Postby winston » Tue Jan 12, 2010 10:09 pm

J.P. Morgan: Australian Economy To Continue Growth In 2010
1/12/2010 6:01 AM ET

(RTTNews) - The Australian economy should continue its recovery into 2010 led by a rebound in private investment and a recovery in exports, said Stephen Walters, an economist at J.P. Morgan Bank in Sydney.

Australia was among the few nations that escaped a technical recession in 2009. Aggressive and well-timed pump priming by the government and unprecedented interest rate cuts from the central bank played key roles in Australia's resilience in face of the global downturn, the economist wrote in a recent note.

Walters expects the Australian economy to build on its fortune and improve markedly in 2010 boosted by the lingering effects of supportive policy, albeit only to a still-subtrend 3%. With the global economy expected to grow 3.4% this year, the economist noted that the Australian economy could end up underperforming other comparable economies.

Having avoided the deep downturns suffered elsewhere, the flipside is that Australia will miss out on the sharp rebound, the economist said.
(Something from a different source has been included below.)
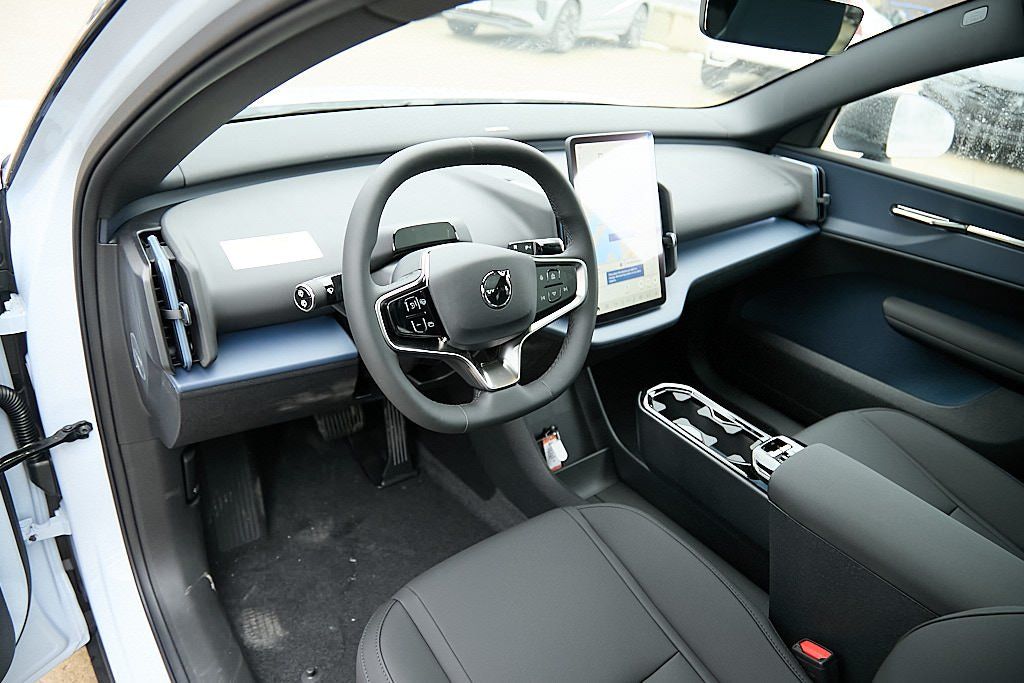 2026 VOLVO EX30 CC - Image 11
More importantly, however, the country does not have to go through the inevitable structural drag that follows a deep recession.
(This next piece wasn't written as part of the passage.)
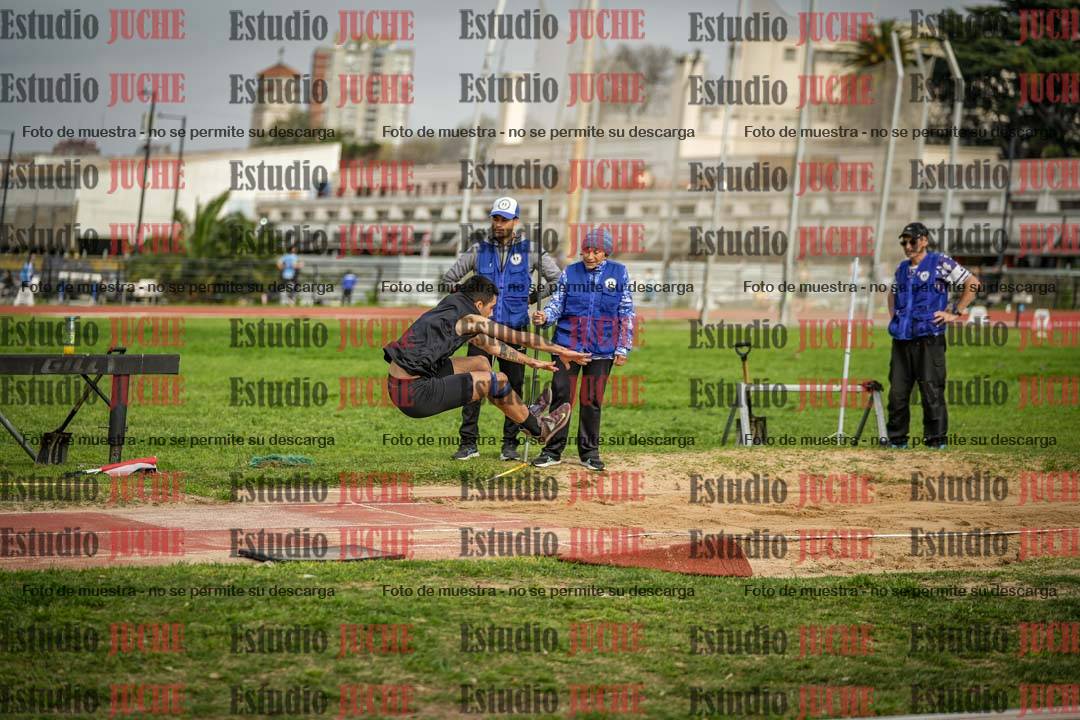 Fotos del salto triple de mujeres y varones - todas las tablas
According to Walters, the improvement in 2010 will be driven not by highly-indebted households but by the corporate sector. The economist foresees a challenging year for Australian households with interest rates and unemployment on the rise.

Australia's business investment is forecast to boom in 2010 led by a resurgence in overseas demand, especially from China. China's seemingly insatiable demand for Australia's plentiful mining commodities could contribute a great deal to gross domestic product growth this year.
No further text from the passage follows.